This afternoon I watched basketball. It was not the NBA playoffs. Teams from the "Church Under the Bridge" and our own church played in our Community Center. The afternoon was spent watching high school kids as well as some of our adults play basketball (with referees and awards at the end). It was a great afternoon and was fun to see groups from these two churches play and get acquainted with one another. God has a way of working through playing basketball together, eating hot dogs together, and having conversations with people like the guys I talked with this afternoon.
In order to see the potential of ordinary moments, I have found that I must regularly focus my attention on God. Practicing some of the spiritual disciplines helps me do just that. These disciplines have a way of cultivating the soul. Like a garden, my soul must be cultivated.

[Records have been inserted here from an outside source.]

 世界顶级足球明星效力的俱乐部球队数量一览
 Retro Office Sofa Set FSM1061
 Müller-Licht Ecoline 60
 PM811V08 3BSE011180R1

I like John Wesley’s insights at this point. He once wrote about his own discipline before the Lord. He wrote: "Here then I am, far from the busy ways of men. I sit down alone; only God is here, in his presence I open, I read his book; for this end, to find the way to heaven." Wesley saw the value of spending time alone with God, living in his presence, and listening to his voice in Scripture.

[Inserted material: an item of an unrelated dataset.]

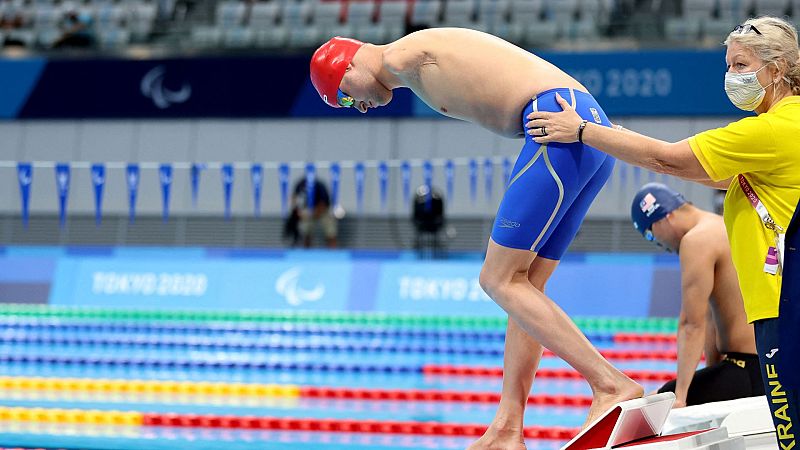 Cuando el deporte nos hace mejores: la cara más humana de los Juegos Paralímpicos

Wesley once received a note from a minister who was complaining that he was too busy to find time for prayer and reflection. Wesley replied, "O begin! Fix some time each day for prayer and Scripture. Do it; whether you like it or not. It is for your life! Else you will be a triter all your days." (Wesley, Standard Sermons)
Wesley is right. Nurturing my heart is not a luxury. It is a necessity. Otherwise, I will not see life through the eyes of Jesus. Nor will I be attentive to what he is doing or wishes to do through me.
Brother Lawrence (17th century) spoke of "the practice of the presence of God." While cooking and washing dishes in a kitchen for forty years, he learned that he could "talk to the God of pots and pans." In his book Seekers After Mature Faith, Glenn Hinson writes concerning Brother Lawrence:
"The longer I have studied his conversations and letters, the more convinced I have become that his secret was simply to fall head over heels in love with God and let that transfuse and transform everything he was doing."
I will be away from my blog until the weekend. See you then.